Problem to be addressed

Bunbury is one of the fast growing regional cities in Australia, with the population projected to grow by 1.6% on average from 175,900 in 2016 to 206,640 by 2026. Two of Bunbury’s major industries, mining and tourism, place pressure on the local road network, with the road network near the Port of Bunbury carrying a mix of freight and light vehicle traffic (including local, regional and tourist trips).

The current network does not separate traffic streams and has variable speed limits which negatively impacts freight efficiency. Mixing freight and regional movements with local traffic negatively impacts on safety, amenity, tourism and urban development.

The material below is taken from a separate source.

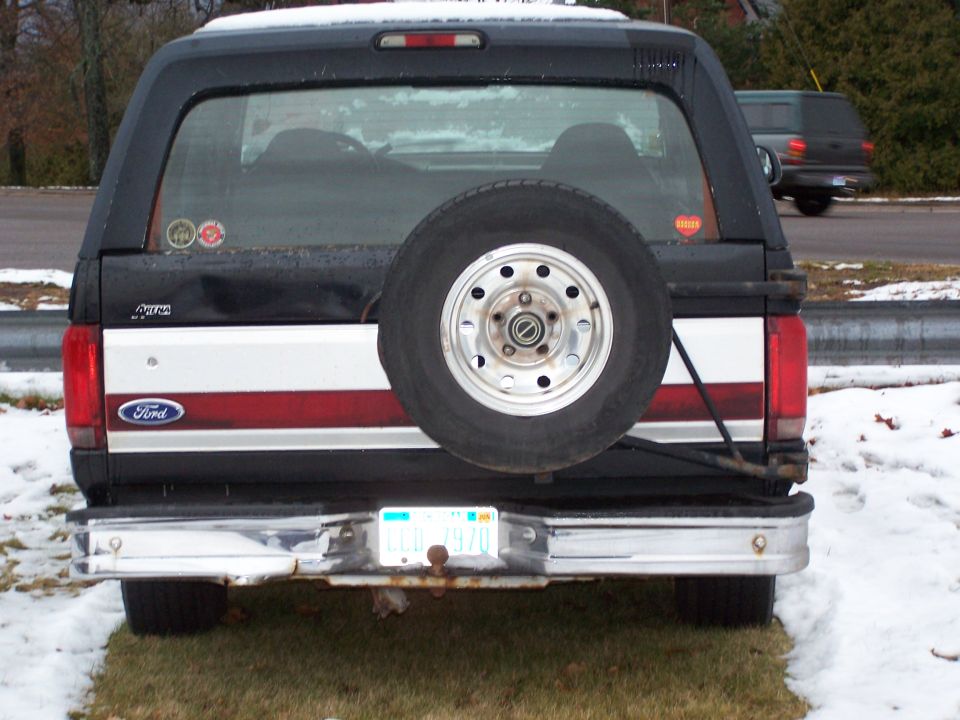 Rear view of a black Ford Bronco with a spare tire mounted on the back. Another SUV is visible in the background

Freight routes in the South West region of Western Australia incorporate several at-grade rail crossings and intersections where speed limits have been reduced, impacting on the overall network efficiency. These factors contribute to the increasing costs for freight operators and industry and have a detrimental impact on the local community.

Project description

The Bunbury Outer Ring Road comprises a 27 kilometre, 4 lane, grade-separated dual carriageway highway at the outer edge of Bunbury connecting the Bussell Highway to the Forrest Highway.

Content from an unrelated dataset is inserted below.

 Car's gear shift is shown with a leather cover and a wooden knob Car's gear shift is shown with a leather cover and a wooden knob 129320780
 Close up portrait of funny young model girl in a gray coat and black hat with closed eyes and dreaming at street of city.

The project also consists of:

  • Grade separated interchanges at Forrest Highway (near Australind), Raymond Road, South Western Highway North, Wireless Road (Waterloo interchange), Willinge Drive, Lillydale Road and Bussell Highway (north of Lakes Road).
  • Grade separation at river crossings, rail crossings and local roads, including Clifton/ Paris Road, South Western Highway, Boyanup-Picton Road
  • Construction of local access roads
  • Extension of Willinge Drive to South Western Highway.

Economic, social and environmental value

Economic benefits of the project include travel time savings, vehicle operating cost savings for both private vehicles and commercial vehicles. Other benefits include crash cost savings and environmental benefits.

The proponent’s stated benefit-cost ratio is 1.34, with a net present value of $243 million (7% real discount rate).